The mode of action of medicinal zinc is yet unclear. However, it is well documented that up to 90 % of the medicinal zinc given to the piglets is excreted, contaminating the environment. Moreover, recent research in collaboration together with the University of Copenhagen demonstrates that medicinal zinc impairs the development of the immune system, unarming the pigs for the next growth phases. It also shows the efficacy of weaning with functional feeds and without medicinal zinc.

Piglet diarrhea   

Diarrhea can be caused by the bacteria Clostridium, a Gram-positive bacterium passed on through the faeces from sow to piglet. This type of diarrhea is often known as birth diarrhea.

After weaning, when the piglets are no longer directly supported by antibodies from the sows’ milk, they become much more susceptible to E. coli and other enteric bacteria. Especially as their immune system is not fully developed. E. coli causes watery brown or greyish diarrhea. E. coli is determined through laboratory analysis.

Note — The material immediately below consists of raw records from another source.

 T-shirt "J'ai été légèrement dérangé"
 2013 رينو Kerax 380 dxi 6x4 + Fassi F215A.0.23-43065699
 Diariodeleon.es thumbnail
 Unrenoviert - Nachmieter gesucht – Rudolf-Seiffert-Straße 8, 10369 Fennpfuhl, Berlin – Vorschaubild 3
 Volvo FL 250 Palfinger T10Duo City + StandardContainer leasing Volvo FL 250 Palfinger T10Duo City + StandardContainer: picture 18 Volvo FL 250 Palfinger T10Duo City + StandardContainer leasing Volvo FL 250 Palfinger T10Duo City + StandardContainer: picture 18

Furthermore, diarrhea has other causes – presence of Salmonella spp., and Lawsonia spp., are two of them – and non-enteric diarrhea is another. A non-enteric form of diarrhea may occur, when introducing feed to the piglet. Compared to the infectious diarrhea, the stool though will be much firmer and the piglet much more vital during the short period of non-enteric diarrhea.

Feeds influence on piglets

Healthy sow – healthy piglet

Ensuring a healthy sow is the first and very important step striving for better piglet production results. A healthy sow has a diverse and balanced gut flora and a fully functional immune system. Both can be influenced through feeding. The sow microbiome is passed on to the piglet via the placenta, at birth, lactation and in contact with the sow.

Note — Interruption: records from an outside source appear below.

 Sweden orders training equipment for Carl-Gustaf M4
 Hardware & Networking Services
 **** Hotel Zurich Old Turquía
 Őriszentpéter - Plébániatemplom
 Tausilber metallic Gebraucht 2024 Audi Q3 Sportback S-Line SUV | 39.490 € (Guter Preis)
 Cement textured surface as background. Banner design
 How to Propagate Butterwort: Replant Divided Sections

Modulating the piglet microbiome

The piglet microbiome is also affected by feed. The microbiome consists of thousands of bacterial species – some of them pathogenic and some beneficial. A feed containing prebiotic fibers, probiotics and bioactive metabolites (such as organic acids, flavonoids, vitamins and antioxidants), the balance and diversity of the gut microbiome can be modulated. Supplementing this functional feed daily, it is possible to promote the number of beneficial bacteria while repressing pathogenic bacteria.

Suckling drinking milk from the sow
The piglets gut villi grow better and have tighter junctions when using EP100i in the piglet feed

Gut development before and after weaning

A thick gut lining works as an armour and prevents bacteria from entering the blood stream. Alongside, the development of a functional immune system associated to the gut lining it is essential to develop resilient piglets. Feed can support the development of a fully functional immune system during this transition period.Piglets need to develop their gut ability to utilize the feed provided optimally when transitioning from milk to solid feed. Complementary functional feed supports the development of a well-equipped gut with long villi and crypts, packed closely together.

From suckling to piglet

A smooth transition from milk to feed involves creep feeding in the farrowing stable, starting at least 14 days before weaning. This prepares the piglets gut for the transition to other feed than milk, while still receiving antibodies through the milk.

Reducing bacteria pressure

To keep the contamination in the farm at a minimum, pathogenic bacteria, fungi and parasites need to be minimized in the sows’ faeces. By repressing enteric pathogens and other parasites, less contamination through faeces occur. In order to have the maximum effect in the farrowing stalls, the sow should be fed with antibacterial feed as well.

Recommended use for functional feeding:

The best effect is obtained by adding 8-15 % EP100i to the sucklings in the pre-weaning diet as creep feed. This ensures a diverse and balanced gut flora before weaning. The concentration depends on the degree of pathogenic bacteria on the farm. Maintain the dosage until 20 kilos, where it can be reduced to 5-10%. EP100i be used in dry feed, liquid feed or pelletized. Pellitizing will reduce the probiotic content.

EP100i can be used in combination with EP200 to promote weight gain.